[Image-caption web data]

============

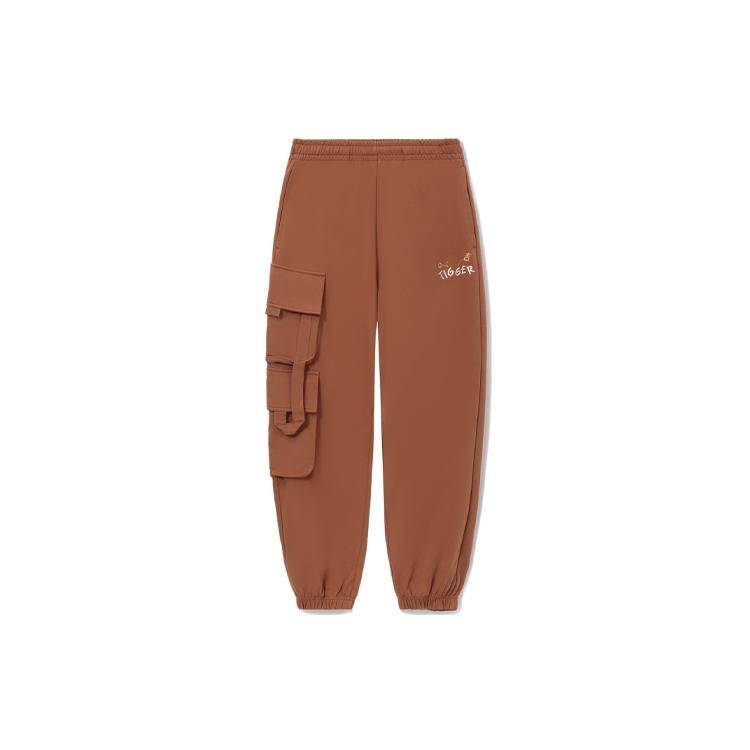 Li Ning x Disney Knitted Sweatpants Men s Bombay Tan AKLS479-3 L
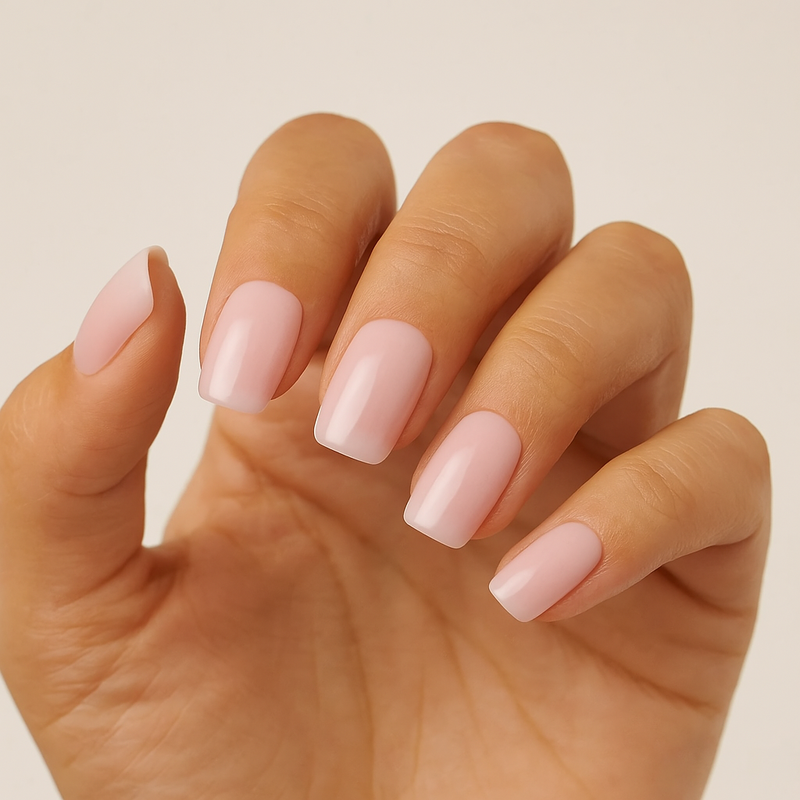 Boozyshop Press On French Nails Ombre Soft Pink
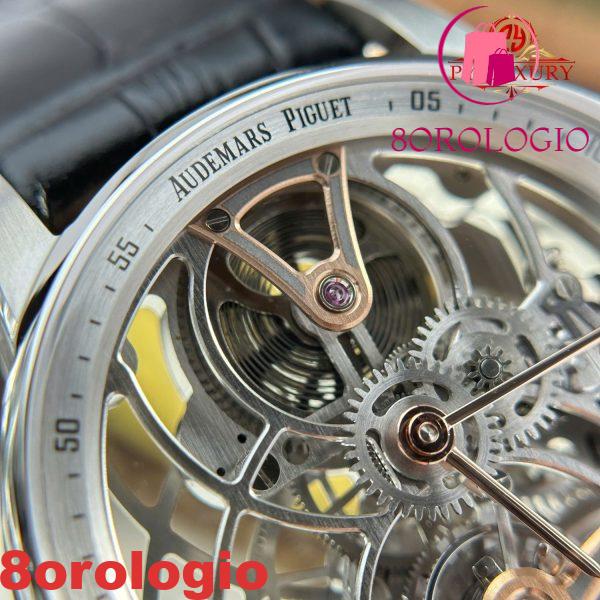 Audemars Piguet Code 11.59 26600CR lunetta interna color argento cinturino in pelle nera 1:1 miglior replica APPF 41mm Orologio - immagine 9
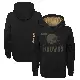 Youth Black Cleveland Browns 2020 Salute to Service Pullover Performance Hoodie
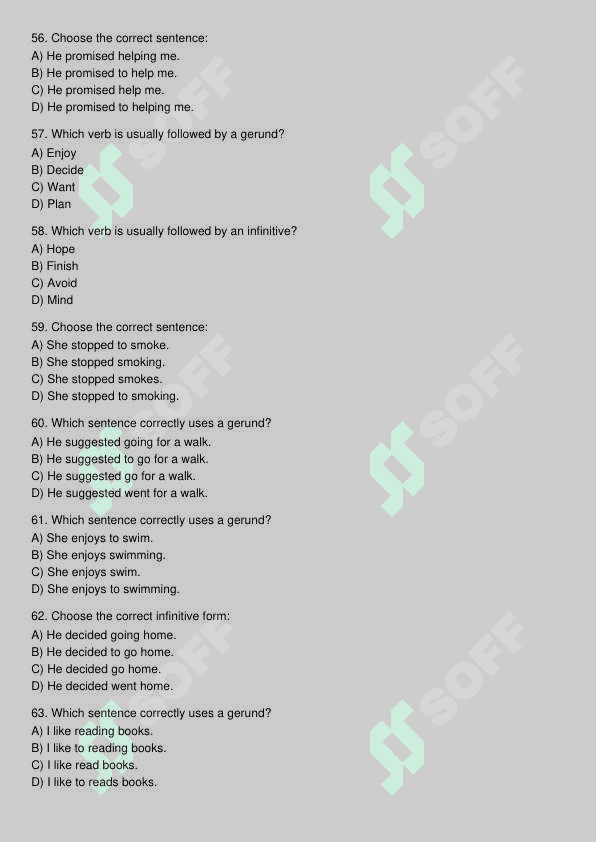 Ingliz tili test 8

============

Your instructions.
The entries must be written out again unchanged. Images are to be left out.

Solution to the problem.
 Li Ning x Disney Knitted Sweatpants Men s Bombay Tan AKLS479-3 L
 Boozyshop Press On French Nails Ombre Soft Pink
 Audemars Piguet Code 11.59 26600CR lunetta interna color argento cinturino in pelle nera 1:1 miglior replica APPF 41mm Orologio - immagine 9
 Youth Black Cleveland Browns 2020 Salute to Service Pullover Performance Hoodie
 Ingliz tili test 8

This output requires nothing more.